The above-described configuration makes it possible to perform data processing while automatically determining the measurement scale of each column and presenting applicable operations to the user. Therefore, even a non-specialist having no knowledge of data analysis can easily perform data analysis while understanding the properties of data.

Third Embodiment

A third embodiment will now be described. The third embodiment relates to an automatic data analysis system that uses the automatic data processing system according to the present invention.

FIG. 17 is a diagram illustrating a configuration of the automatic data analysis system according to the third embodiment.
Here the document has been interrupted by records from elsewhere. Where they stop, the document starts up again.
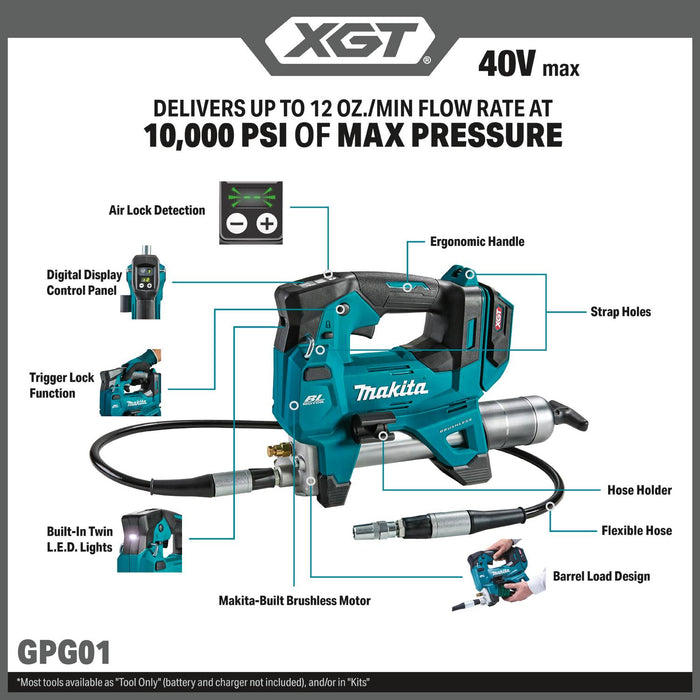 Makita GPG01Z 40V max XGT® Brushless Cordless Grease Gun, Tool Only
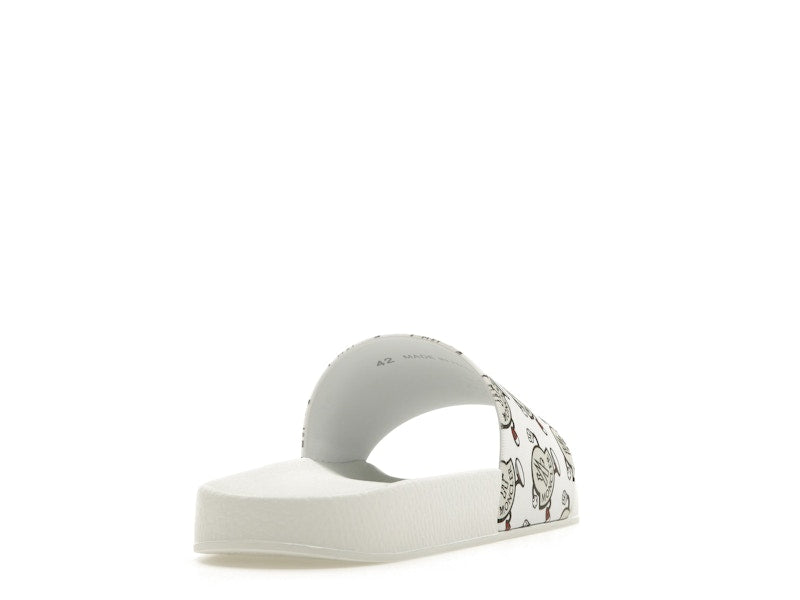 Moncler Basile Slide Logo Print White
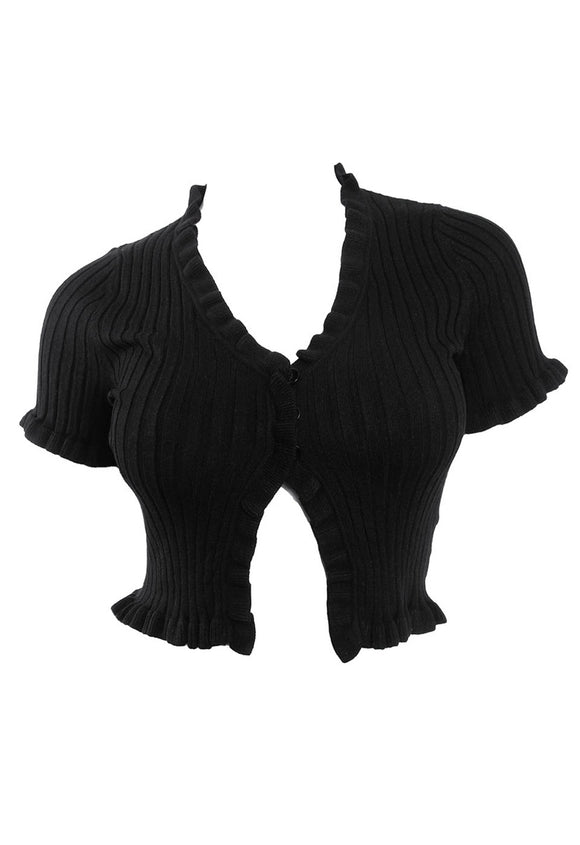 Jenny Crop Knit Top- Black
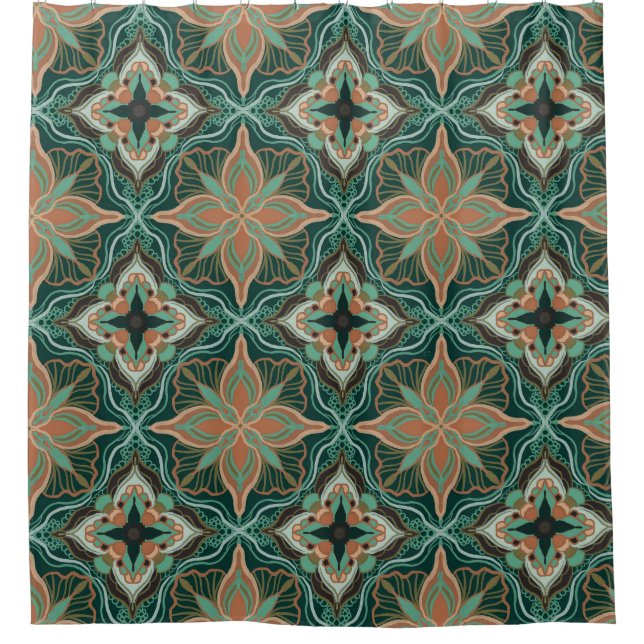 Rideaux De Douche Aquarelle Marocaine Turquoise Carrelage Floral (Devant)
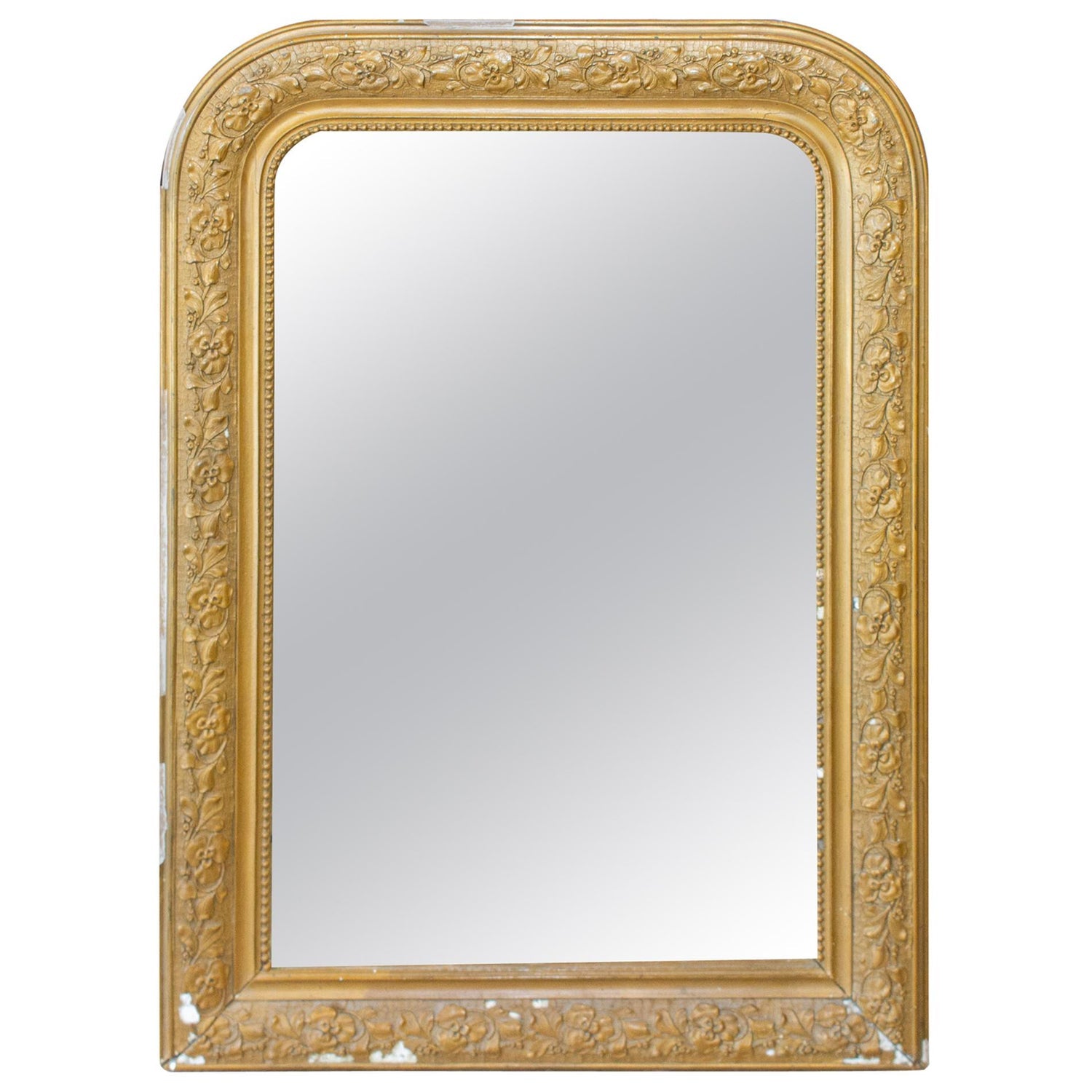SOLD $495 .. antique Louis Philippe French gilt mirror 21.5” x 28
The automatic data analysis system 1801 receives input data 1802, which is big data acquired, for example, by a sensor, analyzes the data, and outputs output data 1803. The automatic data analysis system 1801 includes a data preprocessing section 1804, a processing database 1805, and a data analysis section 1806.

The data preprocessing section 1804 receives the input data 1802, processes the received data as needed to obtain data suitable for data analysis, and stores the processed data in the processing database 1805. The data preprocessing section 1804 includes the automatic data processing system described in conjunction with the first embodiment, determines the measurement scale of each column of input data, and processes the data by performing an applicable operation on each column.

The data analysis section 1806 performs correlation analysis, regression analysis, or clustering or other well-known machine learning and statistical analysis on data stored in the processing database 1805. The result of analysis is then outputted as the output data 1803 from an output section (not shown).

The hardware configuration for implementing the automatic data analysis system 1801 is the same as for the first embodiment, which is shown in FIG. 11.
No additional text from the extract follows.